5 Most Common Injuries in Retails Stores And How Can You Prevent Them
Retail workers are constantly moving, ensuring customers have a smooth shopping experience. Unfortunately, this movement can also lead to accidents, causing injuries to retail store workers or even customers.
According to the US Bureau of Labor Statistics, the retail industry reported about 409,900 workplace injuries and illnesses in 2018 alone. While employees can suffer a wide range of injuries while working in a retail store, here are six common injuries your employees might face and how to prevent them.
Muscle Strains And Sprains
Muscle strains and sprains are among the most common injuries suffered by retail workers. In fact, they account for over 30 percent of all injuries in the retail industry.
Retail workers can experience muscle strains and sprains when they subject specific muscles to excessive force, resulting in the tearing of the muscle fibers. This can lead to pain and swelling, which limits mobility. If not promptly treated, muscle strains and sprains can lead to long-term disability.
An excellent way to prevent these injuries is by ensuring you stretch your muscles before and after a long day of physically demanding tasks. Moreover, avoid carrying heavy loads for long distances as this strains your muscles excessively.
Cuts and Lacerations
Retail workers often have to deal with sharp objects, such as scissors and knives, to cut items for customers. While these tools make work easier, they also pose a significant risk of cuts if the user is not careful.
Cuts and lacerations caused by sharp objects can result in significant blood loss and infection. They can also leave permanent scars that can hurt your self-esteem and confidence.
Therefore, always wear protective gloves when handling sharp objects to reduce the risk of cuts and lacerations. Additionally, store any dangerous tools and equipment in a secure area.
From shelves falling on your head to knockbacks from stacked goods, there are many ways an object can strike you at work. Retail employees working in warehouses or stockrooms are especially at risk of suffering struck-by injuries. That’s because they are often surrounded by boxes and other hazards.
Struck-by injuries can range in severity, depending on the force of the object that hit you. You may suffer minor cuts, bruises, or serious head injuries resulting in brain damage or even death.

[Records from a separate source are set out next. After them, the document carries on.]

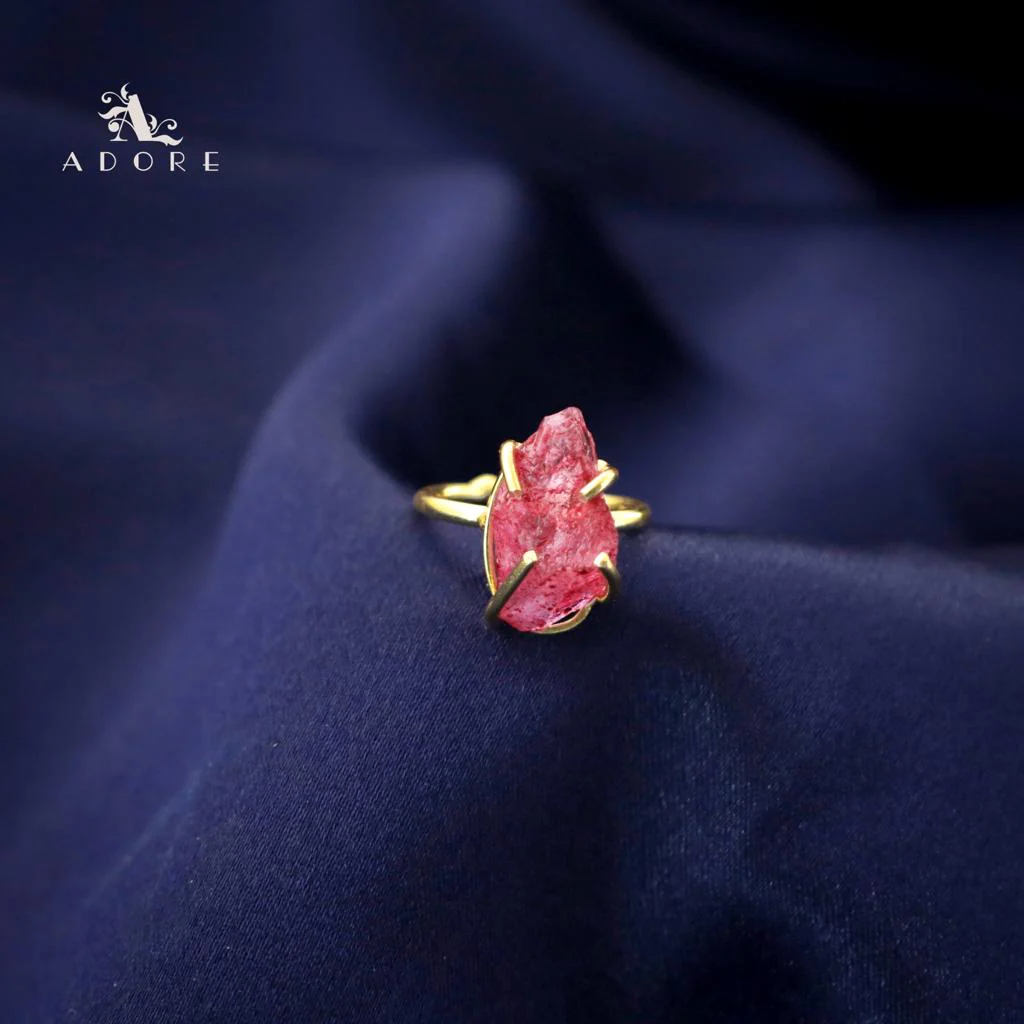 Dilrupa Raw Stone Ring - Image 38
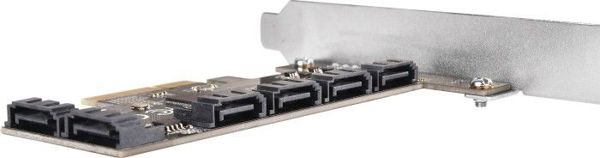 Ελεγκτής SilverStone PCIe 3.0 x4 - 6x SATA III (SST-ECS06)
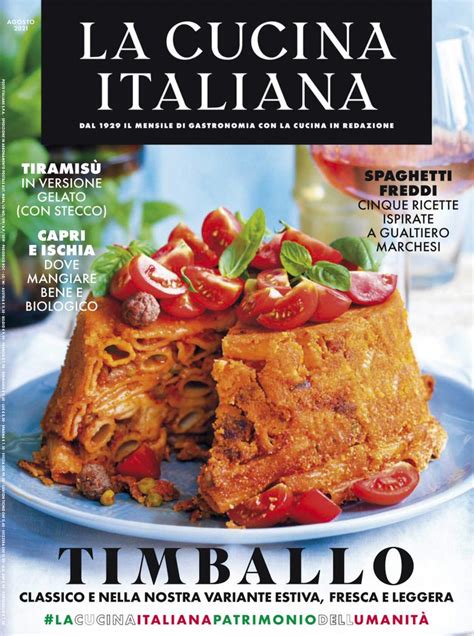 La Cucina Italiana Magazine Digital Subscription Discount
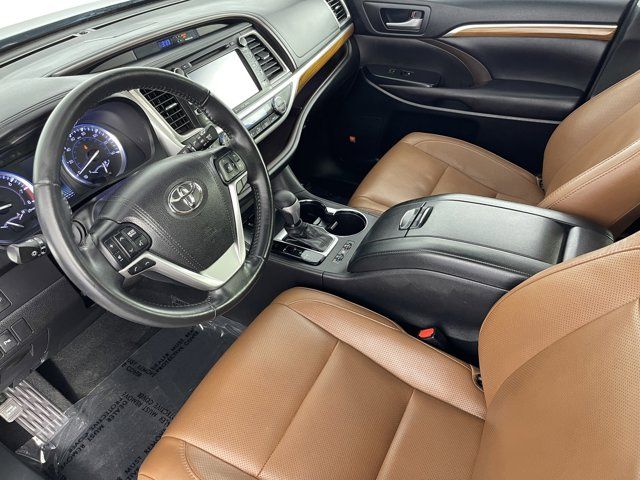 2017 Toyota Highlander 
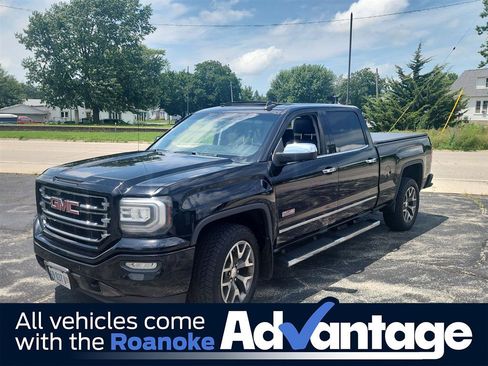 Used 2016 GMC Sierra 1500 SLT w/ All-Terrain Package AWD/4WD image 1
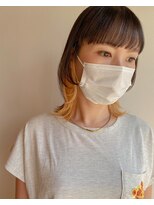 ツイギー 宮西店(TWiGGY) インナーカラーにウルフヘア
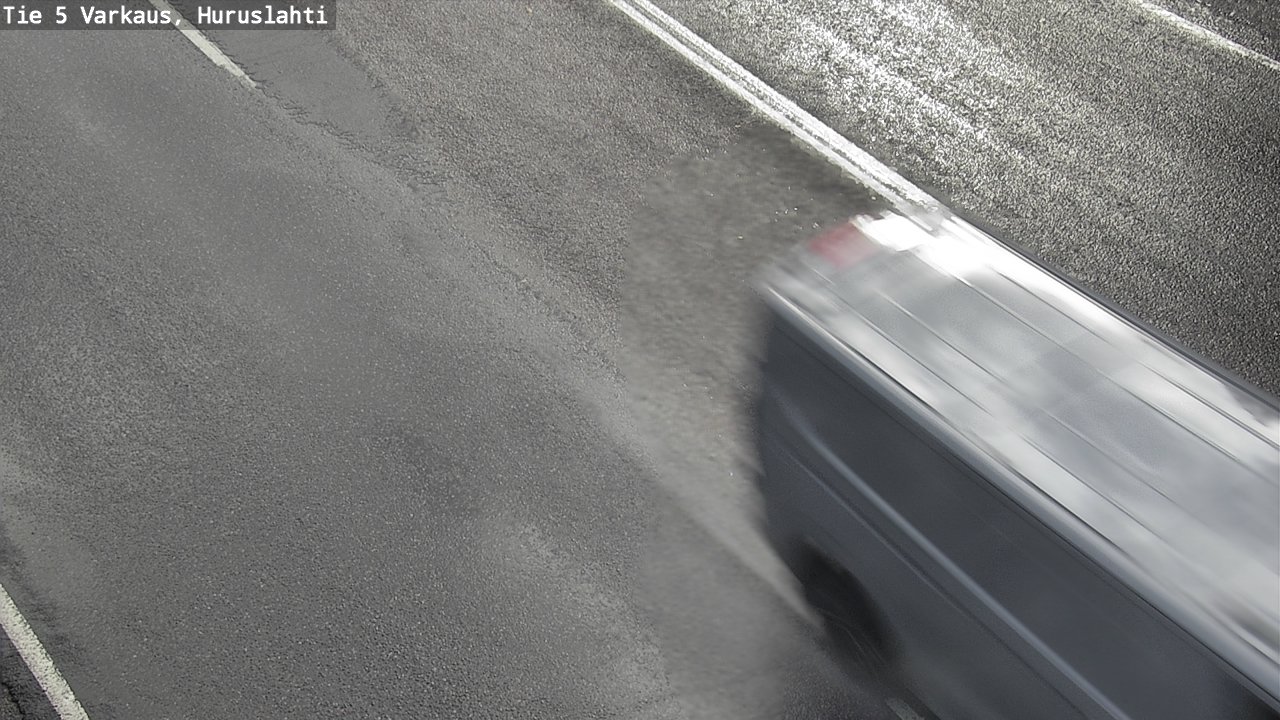 Weather Camera Image Road 5 Varkaus, Huruslahti, Varkaus, Pohjois-Savo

An excellent way to stay safe from struck-by injuries is following safe lifting practices and wearing protective gear, such as hard hats and eyewear, where necessary. Also, always secure any loose items that have the potential to fall and cause injury.
Slip and Fall Injuries
Of the 409,900 retail store injuries reported in 2018, about 34,100 were due to slip and fall accidents. These injuries often result from wet floors, cluttered walkways, or slippery surfaces. Retail employees required to work at heights can also suffer falls from ladders or scaffoldings.
Slips and falls often result in severe injuries such as fractures, torn ligaments, and head injuries. In some cases, they may even lead to death.
You can minimize the risk of employees falling at a retail store by mandating anti-slip shoes and ensuring your pathways are debris-free. Also, always use safety harnesses and equipment to prevent falls if required to work at height.
However, if your employee has suffered an injury due to a slip and fall, they may be eligible for financial compensation. Munley Law personal injury attorneys can help you understand your legal options as an employer, and work with you through the entire process.
Motor Vehicle Accident Injuries
Many retail stores have adopted a delivery model requiring employees to deliver goods to customers. Though convenient, this arrangement presents several risks to employees, including motor vehicle accidents that could result in severe injuries or even death.
If you work for a retail company with a delivery model, always take safety precautions while on the road. Ideally, you should follow all traffic rules, drive at a safe speed, and avoid distracted driving. In addition, if you make deliveries on a motorcycle, wear a helmet and check your bike to ensure it is in good condition before hitting the road.